REC_CMPL3

What is the worst case time complexity of the following code:

int memo[101][101];
int findMinPath(vector<vector<int> >& V, int r, int c) {
  int R = V.size();
  int C = V[0].size();
  if (r >= R || c >= C) return 100000000; // Infinity
  if (r == R - 1 && c == C - 1) return 0;
  if (memo[r][c] != -1) return memo[r][c];
  memo[r][c] =  V[r][c] + min(findMinPath(V, r + 1, c), findMinPath(V, r, c + 1));
  return memo[r][c];
}

Callsite : 
memset(memo, -1, sizeof(memo));
findMinPath(V, 0, 0);

Assume R = V.size() and C = V[0].size() and V has positive elements

•  O(2^(R + C))
•  O(R*C)
•  O(R + C)
•  O(R*R + C*C)
•  O(R*C*log(R*C))

Good solution:

You can see it this way, For each call to findMinPath you either take constant time to return or before returning set the value of memo[r][c] so that when next time it is called with same r and c it takes constant time. So maximum possible calls to the function with different set of r,c values is equal to all possible combination of (r,c). Now range of r is 0 to R-1 and c is 0 to C-1 so max possible combination are RC. All instructions inside a function take constant time so overall time complexity will be O(RC).

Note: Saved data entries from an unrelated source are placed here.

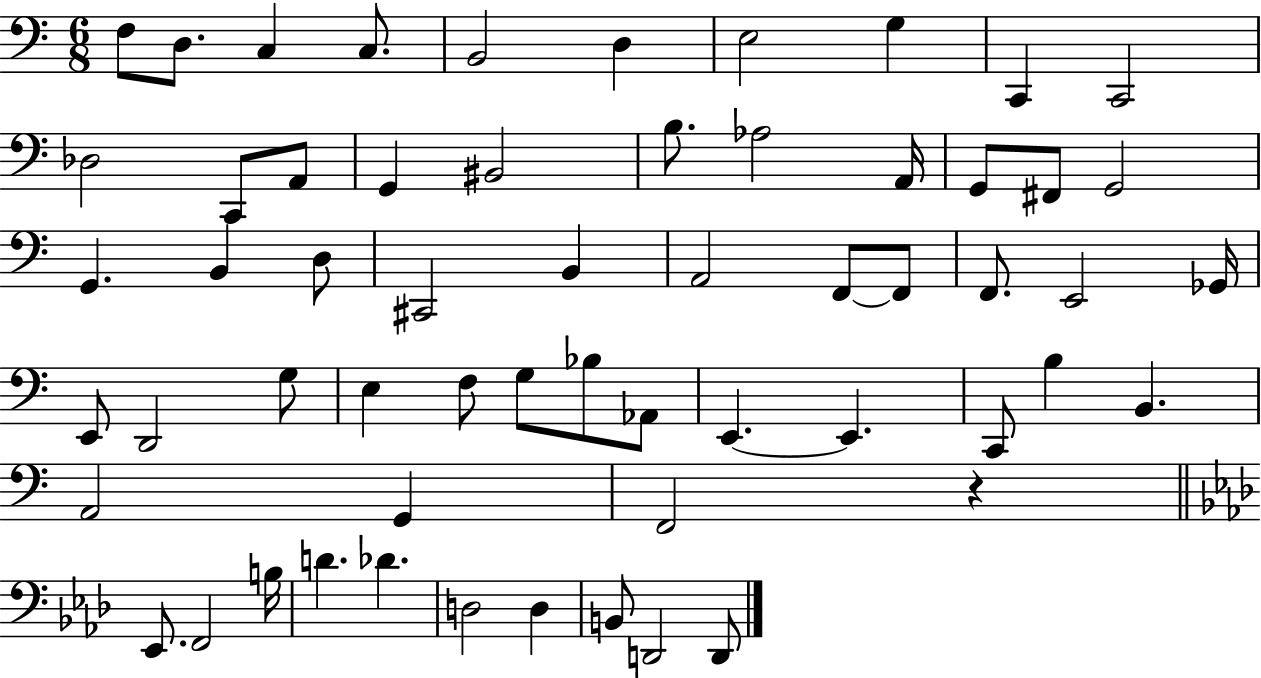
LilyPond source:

{
  \clef bass
  \numericTimeSignature
  \time 6/8
  \key c \major
  f8 d8. c4 c8. | b,2 d4 | e2 g4 | c,4 c,2 | \break des2 c,8 a,8 | g,4 bis,2 | b8. aes2 a,16 | g,8 fis,8 g,2 | \break g,4. b,4 d8 | cis,2 b,4 | a,2 f,8~~ f,8 | f,8. e,2 ges,16 | \break e,8 d,2 g8 | e4 f8 g8 bes8 aes,8 | e,4.~~ e,4. | c,8 b4 b,4. | \break a,2 g,4 | f,2 r4 | \bar "||" \break \key aes \major ees,8. f,2 b16 | d'4. des'4. | d2 d4 | b,8 d,2 d,8 | \break \bar "|."
}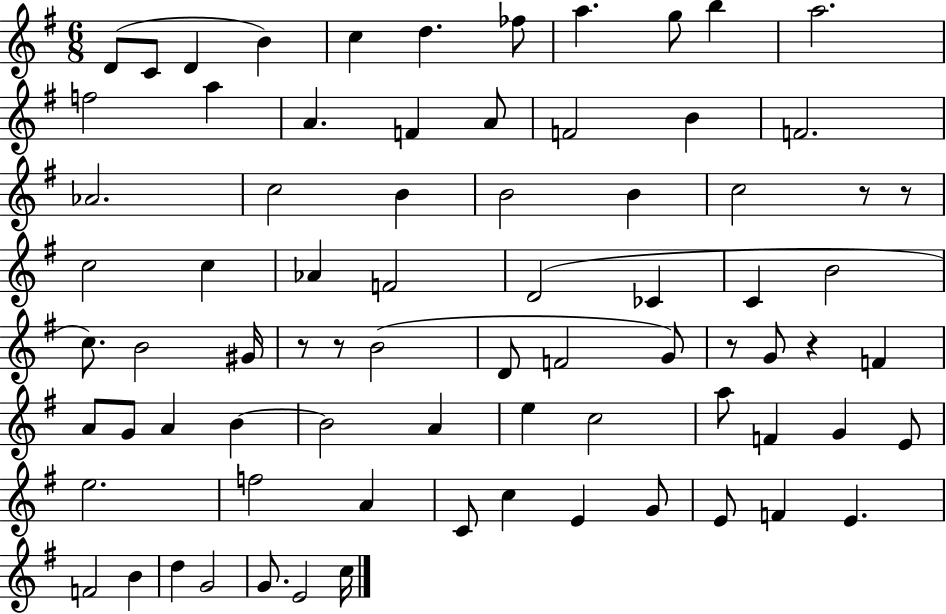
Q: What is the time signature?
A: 6/8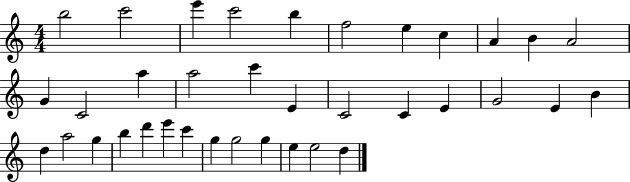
{
  \clef treble
  \numericTimeSignature
  \time 4/4
  \key c \major
  b''2 c'''2 | e'''4 c'''2 b''4 | f''2 e''4 c''4 | a'4 b'4 a'2 | \break g'4 c'2 a''4 | a''2 c'''4 e'4 | c'2 c'4 e'4 | g'2 e'4 b'4 | \break d''4 a''2 g''4 | b''4 d'''4 e'''4 c'''4 | g''4 g''2 g''4 | e''4 e''2 d''4 | \break \bar "|."
}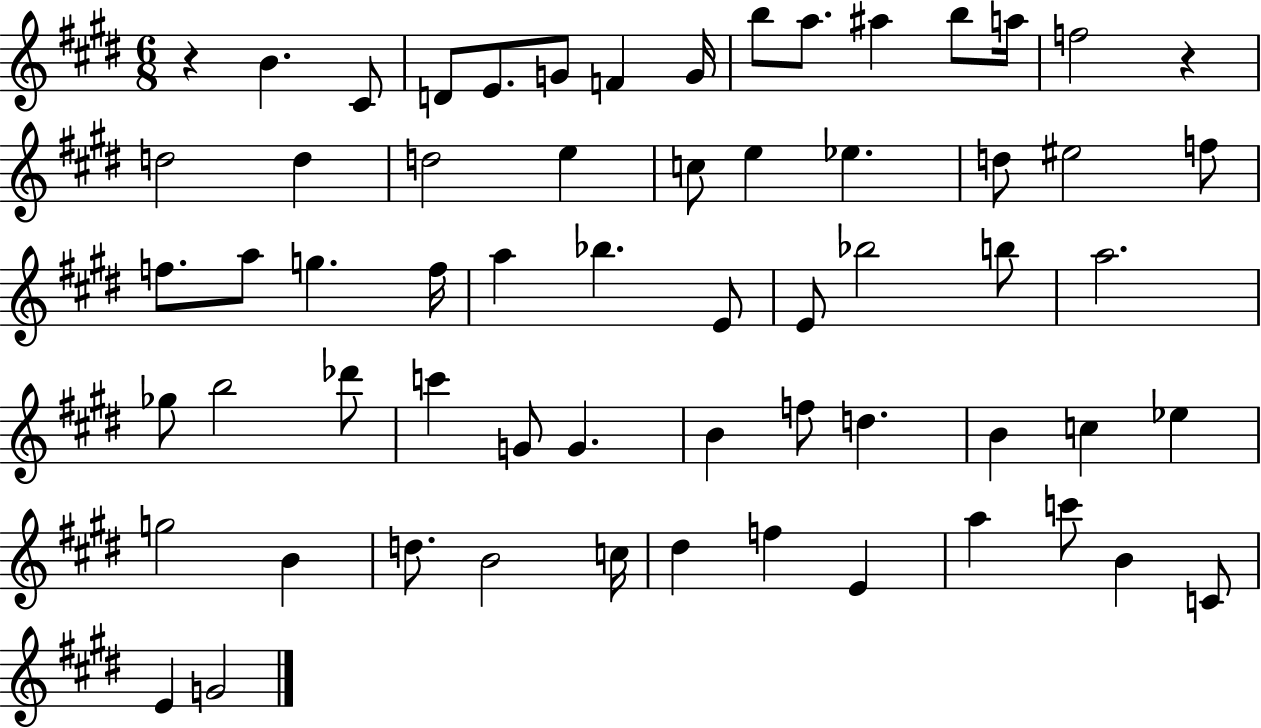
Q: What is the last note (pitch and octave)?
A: G4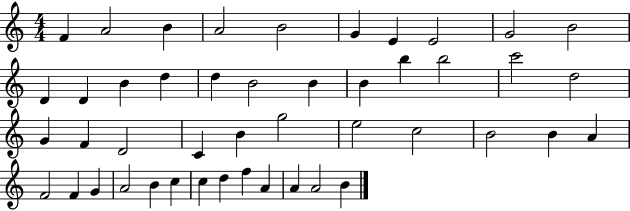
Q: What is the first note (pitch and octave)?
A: F4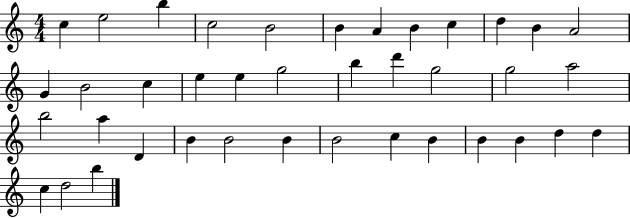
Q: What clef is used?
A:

First learn that how Dynamic programming is works with example of Fibonacci Series.
in fibonacci series dp we use this term f[i] = f[i-1] + f[i-2];
this means it create 1D Array of N numbers and fill all value in it by calling fib function recursively.
so for filling after whole array is fill, it just fetch the value from it so it take O(1) time and filling array process take O(N) time.

memo[r][c] =  V[r][c] + min(findMinPath(V, r + 1, c), findMinPath(V, r, c + 1));

In the same Manner here we use memo[r][c] 2D Array and elements are rc so it will take O(rs) time to fill array.